There was the loss to journeyman Dean White in 2006. Spivey took almost two years off after that bout.
There was a loss to Antonin Decarie in 2009. Spivey took that bout on short notice and agreed to fight at 146 pounds, in Decarie's hometown of Montreal. By fight night, Decarie weighed 164. Battered, Spivey did well to survive 12 rounds.
Spivey was signed as a steppingstone opponent for his next fight, against Meacher Major, who was considered a rising prospect. He stunned Major, knocking him out in the fourth round.
He has not lost since. Tonight's fight is his third in six months, since signing with promoter Diane Fischer.
Fischer's intention is to get Spivey, ranked No. 14 by the World Boxing Association, a world title bout.

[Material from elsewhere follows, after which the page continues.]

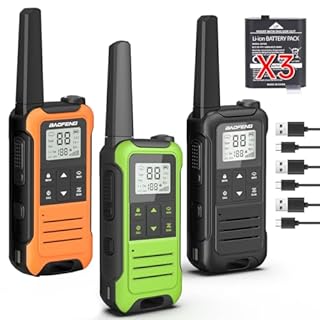 Walkie Talkies Long Range for Adult, Baofeng Radio FRS Portable Rechargeable Walkie Talkie Two Way Radio USB-C Cable 1400mAh Li-ion Battery NOAA VOX Walky Talky for Camping Skiing Hiking 3Pack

Tonight is a step in that direction.
Vasquez (14-5-2) is 29, but Spivey is conceding nothing to time, saying his reflexes are as sharp as ever and his technical skill the best it's been.
In his last fight, he averaged 100 punches a round, a dizzying work rate at any age.
Never having touched a weight before, in keeping with the old boxing belief that said weight training is taboo, he began strength training for the first time in his career, and believes it has added pop to his punches.
Hunter, a bit of an ageless wonder himself at 73, said Spivey's squeaky-clean lifestyle has kept the fighter young.
For his part, Spivey said he never planned to fight this long.
"I never thought I'd be in this position," he said. "I just hung in there and never gave up."